Leek and potato soup what a success. Now followed by pea soup and vegetable soup. In fact there is a pan of soup on the stove as I type. It's easy and you make it out of just about nothing. Why did no one tell me or why did I not listen?

Soup is hereby added to list of things I have never made till I got here along with omlettes and pancakes.

Don't laugh I was sixteen before I learnt to fry an egg and married several years before I could make chips. At this rate we'll be having yorkshire puddings. Now they really are pointless.

Monday, 15 October 2007

It Don't Mean A Thing

We are waiting to start proper French lessons.

We've been here since March and while we can understand lots of what is going on and what people are saying our spoken French seems to be stuck at the two year old stage. We can say lots of names for things but somehow sentances are something that happen to other people. As for conversations well they feel like being on the loosing end of a tennis match. The French speaker is effortlessly batting comments my way while my head runs all over the place trying to muster a reply. It's exhausting.

The tv has been good strangely enough for spelling and numbers. This is down to quiz shows like the French equivalent of Wheel of Fortune and Countdown. It's also good to watch the local news and get a bit of an idea of what is going on. Not that much does go on which is nice.

So anyway we decided progress had to be made and went to see a French teacher to get assesed for what level we were at and book some lessons. We are "wrong beginners" by that she means we have lots of words without having the grammar rules to put them together.

So we are waiting for her to get a few more English signed up and away we'll go being right beginners.

Friday, 12 October 2007

If I Was Poetical



October is my favourite month here so far. When it gets back round to March I'll let you know if it's my favourite of all months here I suspect it will be.

We first came to the Limousin in October to look for a house working on the basis that it would be grey and miserable and if we liked it then we'd like it any time. What we didn't know is that the Limousin is golden in October. I really don't know how to describe it to you other than by saying it is golden. It's a sort of quality and softness to the light and air combined with the sweet earthy smell of fallen leaves and chestnuts. So if I was poetical or a painter or something like that I could make you understand why I fell in love.

Saturday, 6 October 2007

We Know a Song About This

I am supposed to be working right now but this has really tickled me so I just had to share it.

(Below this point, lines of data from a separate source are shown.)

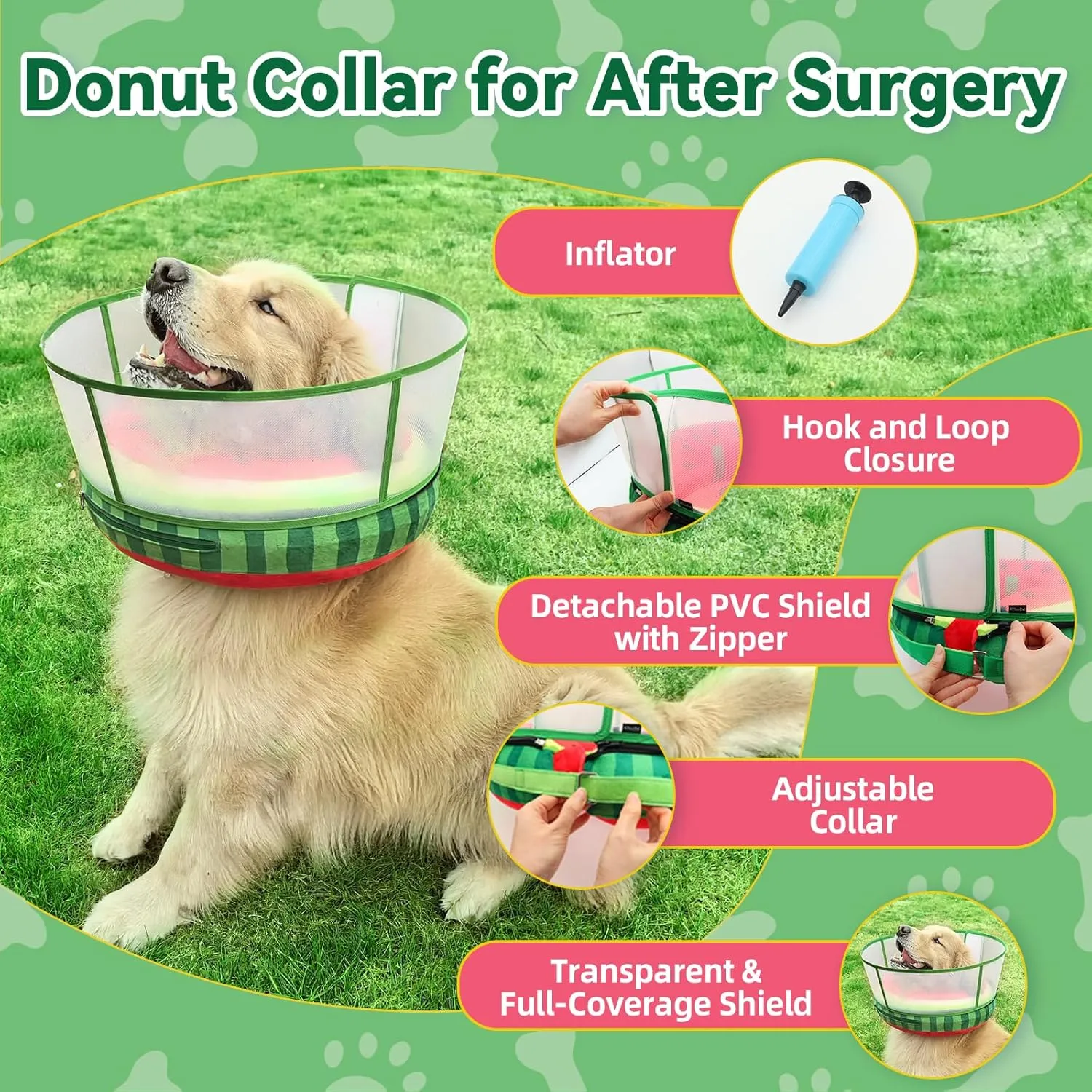 Inflatable Dog Cone Collar with Transparent Anti-Licking Shield, Soft Adjustable Elizabethan Collar for Medium Large Dogs, 2-in-1 Design with Detachable Shield and Comfortable Padding (M, Watermelon)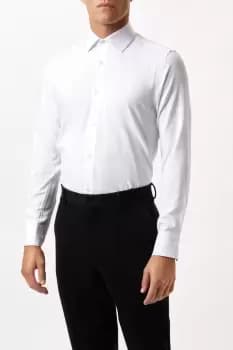 Image of White Long Sleeve Tailored Fit Basket Weave Collar Shirt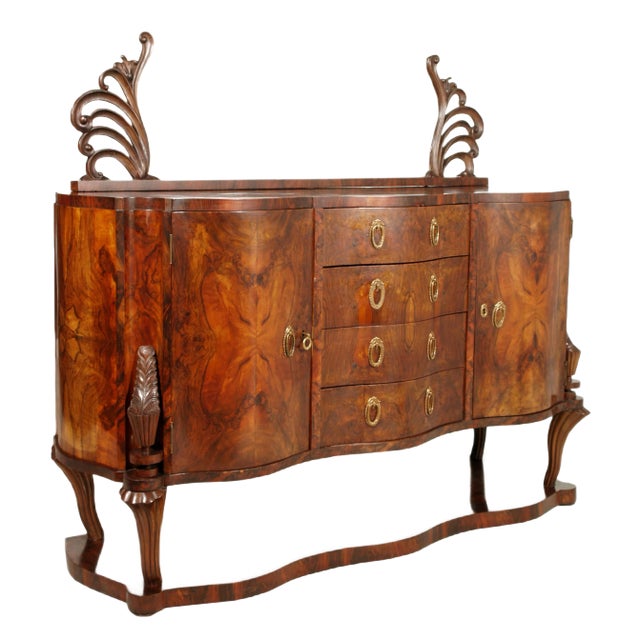 Art Deco Burl Walnut Credenza and Display Cabinet by Testolini & Salviati, 1920s, Set of 2 For Sale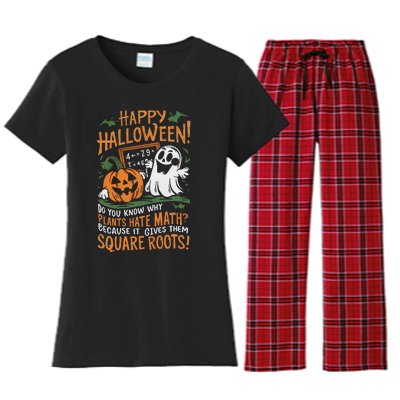 Happy Halloween Math Teacher Scientist Funny Design Women's Flannel Pajama Set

If only I'd seen it months ago the house could of been finished!

Tuesday, 18 September 2007

Now Give Me Money

Just can't hang around here all day places to go people to see I'm busy doing this and this.

Yes the real world is breaking in so money has to be earnt or is that earned? No wonder I'm so useless at it I don't even know how to write it down.

Neither do I know how to put one of those you tube thingys in the blog cos I know a song about this so you'll have to put up with a link

Tuesday, 11 September 2007

The Best Things in Life Are Free

We are enjoying the most consistently good weather since we arrived yet we are busy preparing for Winter.

I am making the most of the weather and the fabulous clothes washing machine to wash quilts and blankets.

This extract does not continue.